While an audio communication standard of Delivered Audio Quality (DAQ) of 5.5 is considered necessary for absolutely clear voices, a standard permissible level is 4.3. Firemen say it’s often poorer during operations, causing officials to consider installing bi-directional amplifiers systems in highrises to boost wireless signals.
The dark spots for communication include Geeta Nagar and nearby areas in Colaba and Cuffe Parade, Malabar Hill, parts of Andheri west including Versova, Four Bungalows, parts of BKC and Ghatkopar, now known as ‘grey areas’ due to weak signals.
Officials from the fire brigade said their wireless department was started in 1960, and the last upgradation of the system was in 1995. The department is thus working with a system that’s at least 23 years old with only new walkie-talkie and radio sets added in 2008. The walkie-talkies get dysfunctional if they come in contact with water, heat or dust. The battery life is also poor, some men have complained. A proposal for Digital Mobile Radio systems to upgrade the fire brigade’s communication is under consideration.

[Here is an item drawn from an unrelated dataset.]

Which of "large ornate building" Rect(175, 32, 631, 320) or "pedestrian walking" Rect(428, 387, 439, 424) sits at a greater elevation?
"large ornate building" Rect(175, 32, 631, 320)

The other, more commonly known problem is that of glass facades, where smoke accumulates owing to poor ventilation, posing a different set of hazards for fire-fighting operations.
Ongoing infrastructure projects and the traffic on account of these is another challenge, fire brigade officials say. For example, in the recent fire at the ESIC hospital in Marol, the fire brigade faced traffic pile-ups en route. Fire fighting vehicles were pressed in from across the city, and a fire engine from Byculla Fire Brigade took about 1 hour and 45 minutes to cover the 21-km stretch to reach Marol, said an official.
Stretched to their limits
-While Mumbai’s population is over 1.25 crore and the city is spread across 438 sq km, the Mumbai Fire Brigade has a strength of 3,800 staff with 34 fire stations. Available fire fighters number 2,800.
-In 2011, the BMC conducted risk assessment studies highlighting how vulnerable the city is to fire mishaps. The 97-page report titled ‘Urban Fire Hazard & Risk Assessment and Mitigation for Mumbai’ suggested construction of 25 additional fire stations. The report also emphasised that better implementation of the Maharashtra Fire Prevention and Life Safety Measures Act, 2006 is needed. But there is no progress on new stations.
-Officials admit the fire brigade is way behind standards suggested by the Ministry of Home Affairs under the Standing Fire Advisory Council. The guidelines say there should be a fire station for every 50,000 people, or one fire station every four km. By this logic, Mumbai needs at least 100 fire stations, but has only 34 fire stations and six command centres.